Raw data:
● ● ● ● ●

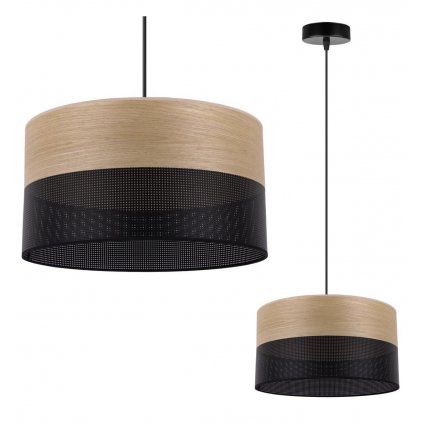 lampa sufitowa wood czarny abazur z drewniana naturalna okleina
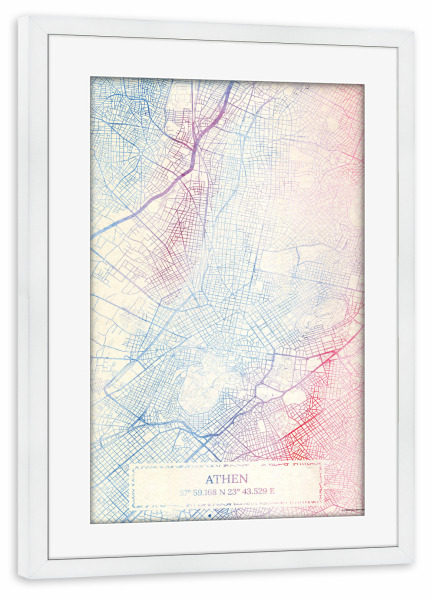 Poster mit Rahmen weiß "Athen Griechenland Map Rose And Serenity I" artboxONE - Städte,Reise,Kartografie - Städte,Stadtkarte,Wasserfarbe,Rosequartz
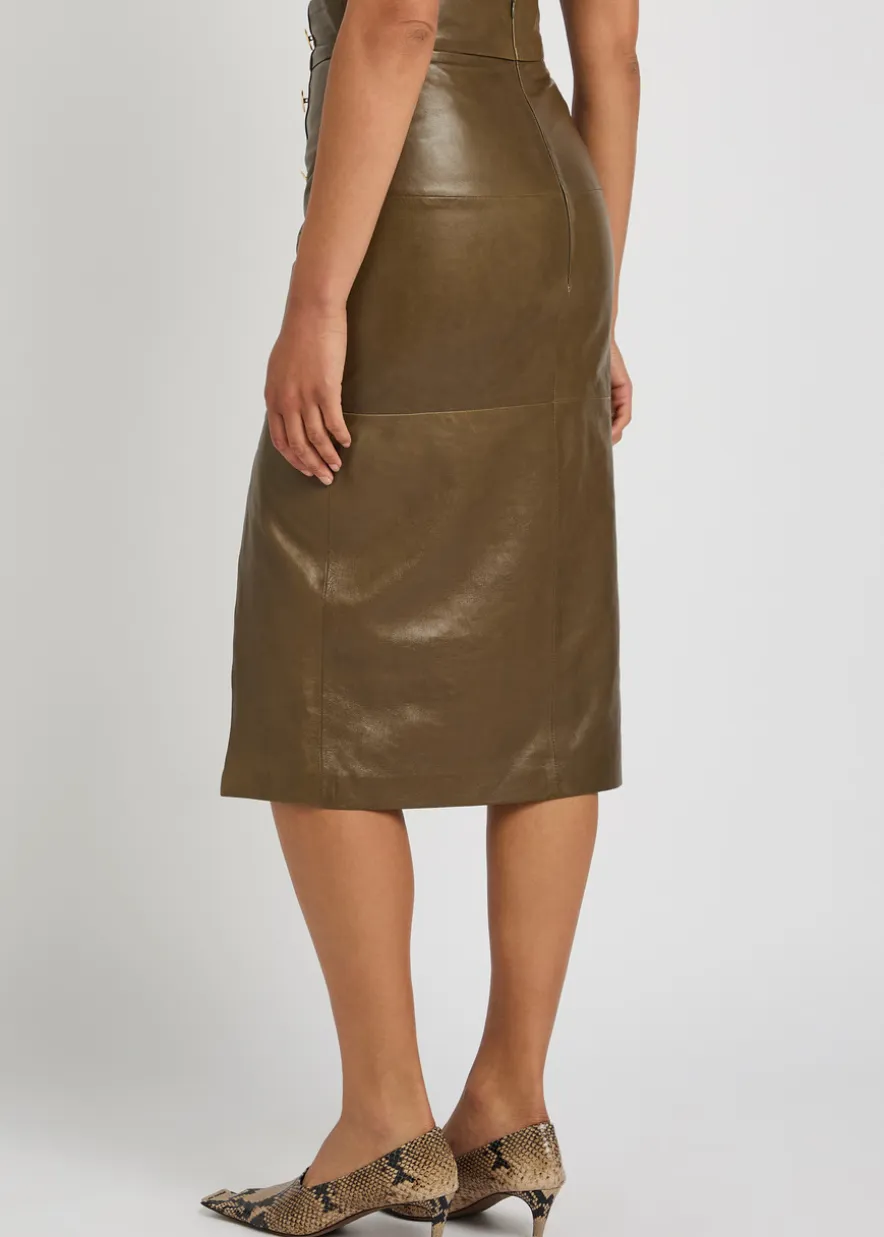 Lucy leather midi skirt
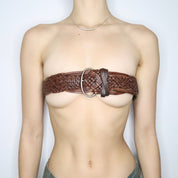 90s Chunky Braided Leather Belt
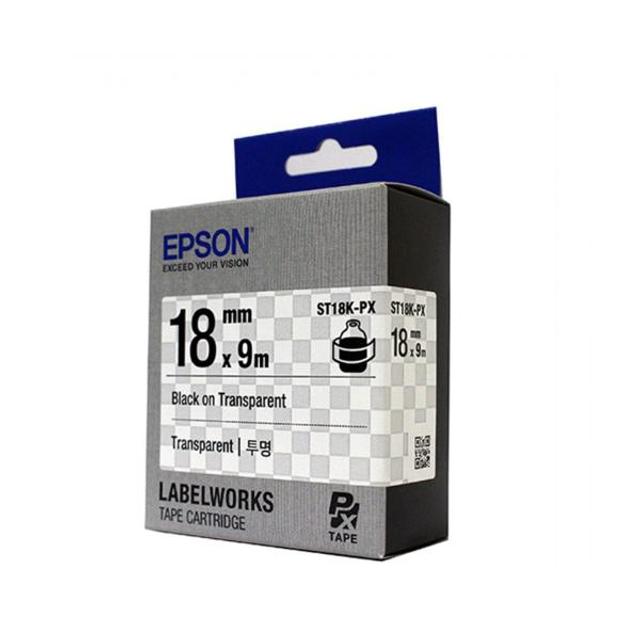 엡손 테이프카트리지 ST18K(18mm Clear Black)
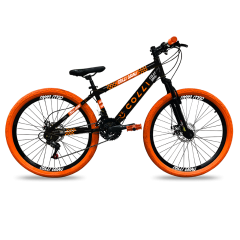 Bicicleta Colli Grau Aro 26 - 21 Velocidades Preta Vermelha Pneus Coloridos Freios a Disco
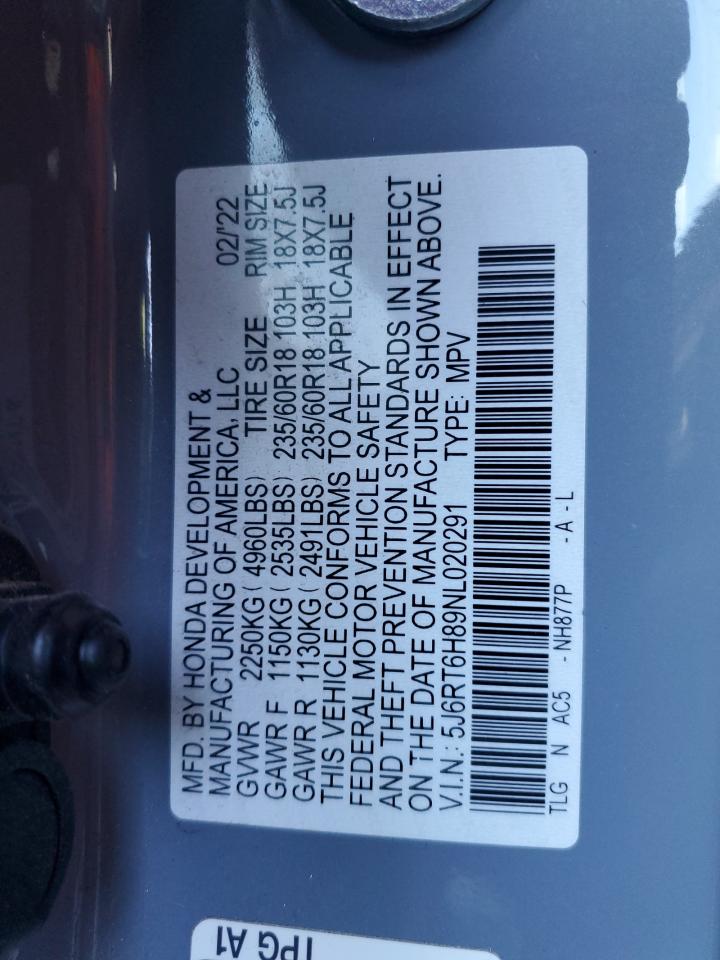 2022 Honda Cr-V Exl VIN: 5J6RT6H89NL020291 Lot: 81372185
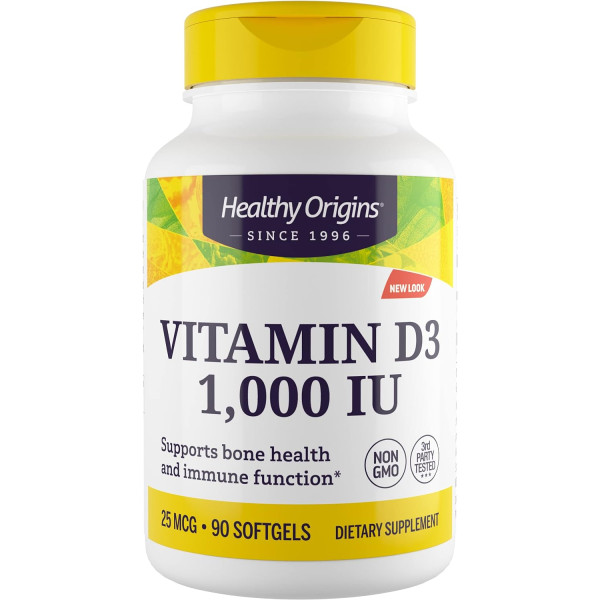 Вітамін D3, Vitamin D3, Healthy Origins, 1000 МО, 90 гелевих капсул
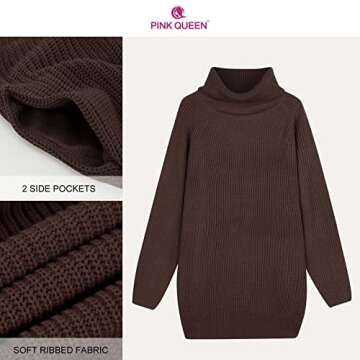 Pink Queen Women's Loose Turtleneck Oversize Long Pullover Sweater Dress Coffee S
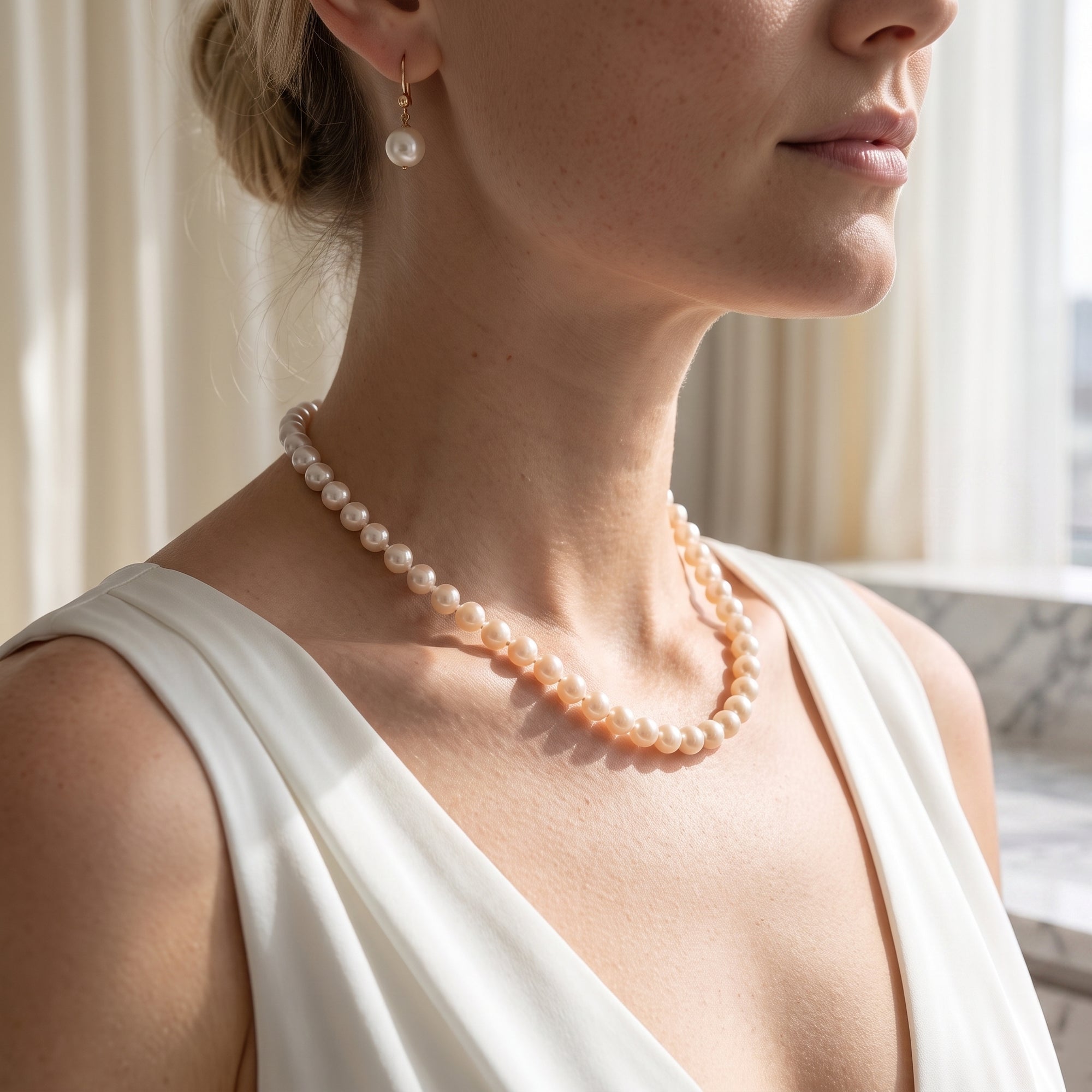 7.0-7.5mm White Freshwater Pearl Necklace - AAAA Quality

● ● ● ● ●

Work order:
Return exactly the lines above, from the one with "Lucy leather midi skirt" up to and including the one with "2022 Honda Cr-V", and include no pictures.

Your solution:
 Lucy leather midi skirt
 90s Chunky Braided Leather Belt
 엡손 테이프카트리지 ST18K(18mm Clear Black)
 Bicicleta Colli Grau Aro 26 - 21 Velocidades Preta Vermelha Pneus Coloridos Freios a Disco
 2022 Honda Cr-V Exl VIN: 5J6RT6H89NL020291 Lot: 81372185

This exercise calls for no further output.